Stonewall transactions produce higher entropy than standard Bitcoin transactions which subsequently make chain analysis more expensive for automated analysis and challenging for a human to analyze a transaction graph. Stonewall is not as strong of a privacy feature as other techniques such as Confidential Transactions (CTs), but it is important for reducing the information available for blockchain forensics and making chain analysis rely more on probability assumptions.
Stonewall transactions are made to look like people are combining their transactions into one by adding an arbitrary number of inputs and outputs to a regular Bitcoin transaction. To an outside observer, the transaction would look like a CoinJoin one, making it challenging and less effective to rely on standard blockchain analysis assumptions about the transaction.
Stonewall transactions are designed to achieve a Boltzmann score of more than zero. Boltzmann is a script that returns the entropy of a transaction by providing a metric for the linkability of inputs and outputs using blockchain analysis mapping techniques. Stonewall was designed to replace BIP126 in the original Samourai Wallet implementation after shortcomings that could lead to less entropy in transactions were discovered.
Overall, Stonewall assists in polluting the blockchain analysis process as a default feature of the Samourai Wallet. Stonewall does not occur for every transaction necessarily, but it is also more frequent than the initial BIP126 implemented by Samourai.
Understanding how to stay ahead of cutting-edge analysis techniques requires constantly evolving how transactions are manipulated. Stonewall is a useful tool for enhancing user privacy and subsequent fungibility in Bitcoin but augmenting Stonewall and adapting to the shifting privacy landscape will continue to be necessary.

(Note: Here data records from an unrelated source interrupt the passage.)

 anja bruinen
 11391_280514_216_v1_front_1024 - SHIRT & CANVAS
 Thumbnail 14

Advancing Bitcoin’s Privacy
There have been several advances in Bitcoin’s privacy over the course of the last year with some important innovations still in development or on the horizon. Privacy is a constant battle, and with Bitcoin’s established dominance in the industry, it will continue to be a target for deanonymizing users.

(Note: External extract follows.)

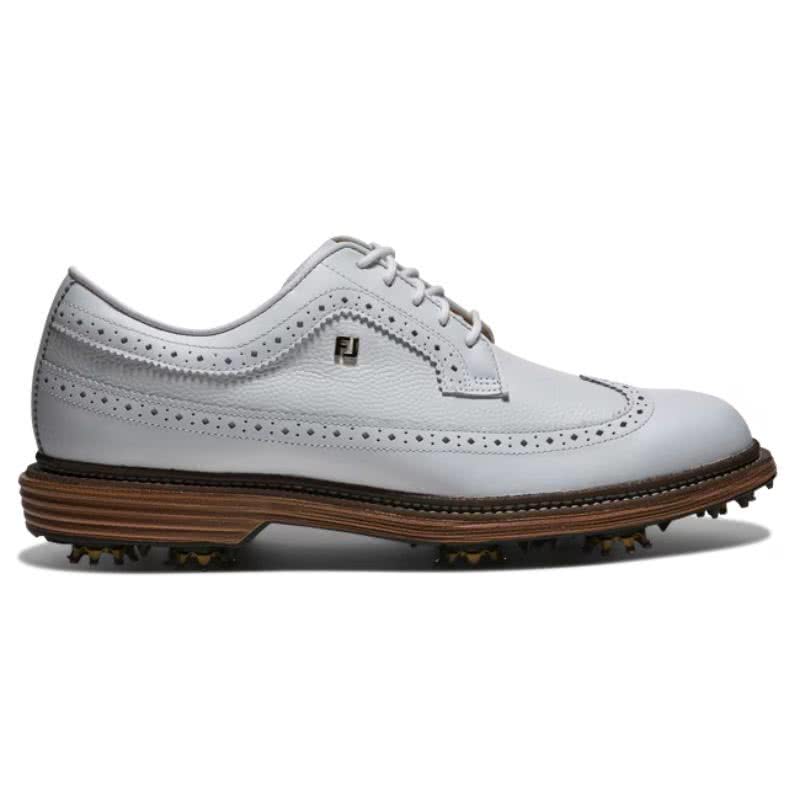 FootJoy Premiere Series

Privacy in Bitcoin is not only important as a matter of ideological preference between users. Fungibility is a vital concept to its sustainability and maintaining adequate privacy from chain analysis is necessary to achieve that fungibility. The Lightning Network adds a layer of user privacy between two transacting parties off-chain, but on-chain transactions require continual obfuscation from both blockchain and network level transaction mapping.

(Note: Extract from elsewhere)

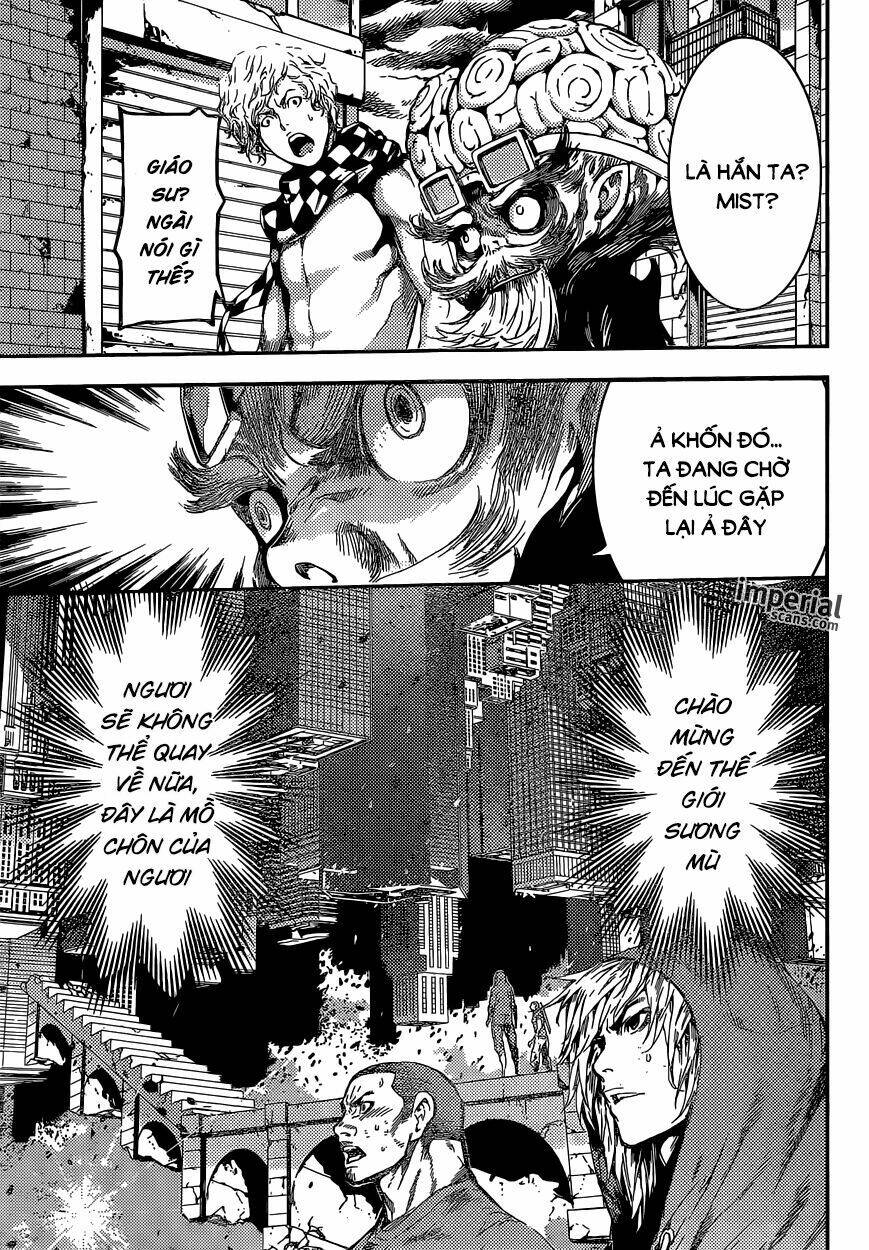 Area D Chapter 90 - Trang 2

Network privacy technologies such as Tor and VPN work well but still have their deficiencies. Dandelion offers another network level privacy protection, but techniques for unmasking users and identifying “dirty” bitcoins will continue to adapt to these new privacy solutions.
Advances in cryptographic obfuscation techniques such as confidential transactions (CTs) and zero-knowledge proofs show significant potential. CTs are already implemented in the recently launched Liquid from Blockstream, and it will be interesting to watch how the development of zero-knowledge proofs and optimizations like bulletproofs continue to progress in the broader industry.
Privacy-oriented wallets like Samourai offer some unique advantages over other Bitcoin wallets. Clever privacy integrations such as Richochet help to increase fungibility by introducing additional transaction hops, and Samourai’s work as part of TxTenna will allow for offline UHF radio wave transactions utilizing the GoTenna mesh network.
Bitcoin’s privacy is a topic that will persist as paramount to the success and sustainability of the legacy cryptocurrency. Methods for unmasking users, tracking transactions inputs and outputs, and mapping transaction messages across the network will continue to progress. However, the Bitcoin community has shown a determined resilience to mitigating these efforts by building some fascinating and clever solutions that give users the privacy they seek.